Below are entries; output exactly the lines from the one with "Putin prekinil telefonski" to the one with "Cute Daisy Flower", both included, and nothing else.

* **Input data**:
· · ·

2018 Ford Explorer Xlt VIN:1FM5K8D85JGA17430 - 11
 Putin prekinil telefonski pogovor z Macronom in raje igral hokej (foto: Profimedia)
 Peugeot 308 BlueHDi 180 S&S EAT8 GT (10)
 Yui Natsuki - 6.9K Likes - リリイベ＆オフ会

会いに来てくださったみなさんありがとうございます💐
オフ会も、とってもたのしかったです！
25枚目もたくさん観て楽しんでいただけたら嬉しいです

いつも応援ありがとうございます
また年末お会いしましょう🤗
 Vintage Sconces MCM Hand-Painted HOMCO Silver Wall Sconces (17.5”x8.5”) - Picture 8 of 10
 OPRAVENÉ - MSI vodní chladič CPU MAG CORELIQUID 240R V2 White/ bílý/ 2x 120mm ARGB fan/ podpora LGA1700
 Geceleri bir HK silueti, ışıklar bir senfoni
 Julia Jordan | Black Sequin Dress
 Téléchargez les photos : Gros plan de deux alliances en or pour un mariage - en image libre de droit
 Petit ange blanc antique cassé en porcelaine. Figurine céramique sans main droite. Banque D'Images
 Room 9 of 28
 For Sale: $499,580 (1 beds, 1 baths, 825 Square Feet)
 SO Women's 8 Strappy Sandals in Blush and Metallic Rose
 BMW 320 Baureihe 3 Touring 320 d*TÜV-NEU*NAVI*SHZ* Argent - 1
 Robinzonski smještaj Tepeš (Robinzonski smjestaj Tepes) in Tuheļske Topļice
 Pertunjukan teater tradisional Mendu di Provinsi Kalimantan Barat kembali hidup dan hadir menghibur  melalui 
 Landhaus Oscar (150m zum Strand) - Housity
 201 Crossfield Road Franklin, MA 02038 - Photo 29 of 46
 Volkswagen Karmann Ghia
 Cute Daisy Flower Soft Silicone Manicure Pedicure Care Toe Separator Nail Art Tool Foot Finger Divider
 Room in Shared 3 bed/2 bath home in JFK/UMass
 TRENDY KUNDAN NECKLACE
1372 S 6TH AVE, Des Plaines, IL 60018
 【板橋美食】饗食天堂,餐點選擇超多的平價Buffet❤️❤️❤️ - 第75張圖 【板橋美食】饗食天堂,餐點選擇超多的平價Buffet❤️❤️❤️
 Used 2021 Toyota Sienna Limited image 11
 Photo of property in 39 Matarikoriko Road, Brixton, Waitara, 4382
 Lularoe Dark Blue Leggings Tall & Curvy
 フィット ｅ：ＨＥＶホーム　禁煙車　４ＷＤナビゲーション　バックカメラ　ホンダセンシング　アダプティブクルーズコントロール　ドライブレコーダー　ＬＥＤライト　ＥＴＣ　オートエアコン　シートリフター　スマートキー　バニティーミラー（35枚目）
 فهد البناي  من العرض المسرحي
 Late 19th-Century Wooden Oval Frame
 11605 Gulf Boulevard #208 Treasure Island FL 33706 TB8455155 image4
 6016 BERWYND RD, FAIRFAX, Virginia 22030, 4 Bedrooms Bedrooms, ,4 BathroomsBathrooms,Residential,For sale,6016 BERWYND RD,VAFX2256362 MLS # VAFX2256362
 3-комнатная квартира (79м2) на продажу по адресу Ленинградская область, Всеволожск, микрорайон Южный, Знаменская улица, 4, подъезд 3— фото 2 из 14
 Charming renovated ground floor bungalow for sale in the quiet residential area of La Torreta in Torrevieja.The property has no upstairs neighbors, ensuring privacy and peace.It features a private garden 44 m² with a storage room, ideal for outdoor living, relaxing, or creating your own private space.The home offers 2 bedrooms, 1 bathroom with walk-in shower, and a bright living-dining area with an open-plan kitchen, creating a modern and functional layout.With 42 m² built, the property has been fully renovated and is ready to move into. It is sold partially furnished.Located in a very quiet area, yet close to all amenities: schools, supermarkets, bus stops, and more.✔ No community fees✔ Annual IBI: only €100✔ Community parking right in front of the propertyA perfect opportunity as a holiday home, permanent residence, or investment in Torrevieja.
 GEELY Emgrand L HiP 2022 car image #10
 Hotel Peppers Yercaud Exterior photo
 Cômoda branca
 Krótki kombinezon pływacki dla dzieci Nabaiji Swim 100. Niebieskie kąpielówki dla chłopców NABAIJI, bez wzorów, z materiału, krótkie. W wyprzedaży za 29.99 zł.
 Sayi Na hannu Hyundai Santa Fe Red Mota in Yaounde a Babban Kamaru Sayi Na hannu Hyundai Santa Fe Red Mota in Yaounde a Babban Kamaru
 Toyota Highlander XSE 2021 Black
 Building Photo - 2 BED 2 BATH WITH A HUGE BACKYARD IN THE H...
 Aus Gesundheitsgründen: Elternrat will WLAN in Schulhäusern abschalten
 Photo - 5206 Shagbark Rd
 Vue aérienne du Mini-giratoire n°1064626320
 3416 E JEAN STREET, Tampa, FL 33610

· · ·

* **Answer section**:
 Putin prekinil telefonski pogovor z Macronom in raje igral hokej (foto: Profimedia)
 Peugeot 308 BlueHDi 180 S&S EAT8 GT (10)
 Yui Natsuki - 6.9K Likes - リリイベ＆オフ会

会いに来てくださったみなさんありがとうございます💐
オフ会も、とってもたのしかったです！
25枚目もたくさん観て楽しんでいただけたら嬉しいです

いつも応援ありがとうございます
また年末お会いしましょう🤗
 Vintage Sconces MCM Hand-Painted HOMCO Silver Wall Sconces (17.5”x8.5”) - Picture 8 of 10
 OPRAVENÉ - MSI vodní chladič CPU MAG CORELIQUID 240R V2 White/ bílý/ 2x 120mm ARGB fan/ podpora LGA1700
 Geceleri bir HK silueti, ışıklar bir senfoni
 Julia Jordan | Black Sequin Dress
 Téléchargez les photos : Gros plan de deux alliances en or pour un mariage - en image libre de droit
 Petit ange blanc antique cassé en porcelaine. Figurine céramique sans main droite. Banque D'Images
 Room 9 of 28
 For Sale: $499,580 (1 beds, 1 baths, 825 Square Feet)
 SO Women's 8 Strappy Sandals in Blush and Metallic Rose
 BMW 320 Baureihe 3 Touring 320 d*TÜV-NEU*NAVI*SHZ* Argent - 1
 Robinzonski smještaj Tepeš (Robinzonski smjestaj Tepes) in Tuheļske Topļice
 Pertunjukan teater tradisional Mendu di Provinsi Kalimantan Barat kembali hidup dan hadir menghibur  melalui 
 Landhaus Oscar (150m zum Strand) - Housity
 201 Crossfield Road Franklin, MA 02038 - Photo 29 of 46
 Volkswagen Karmann Ghia
 Cute Daisy Flower Soft Silicone Manicure Pedicure Care Toe Separator Nail Art Tool Foot Finger Divider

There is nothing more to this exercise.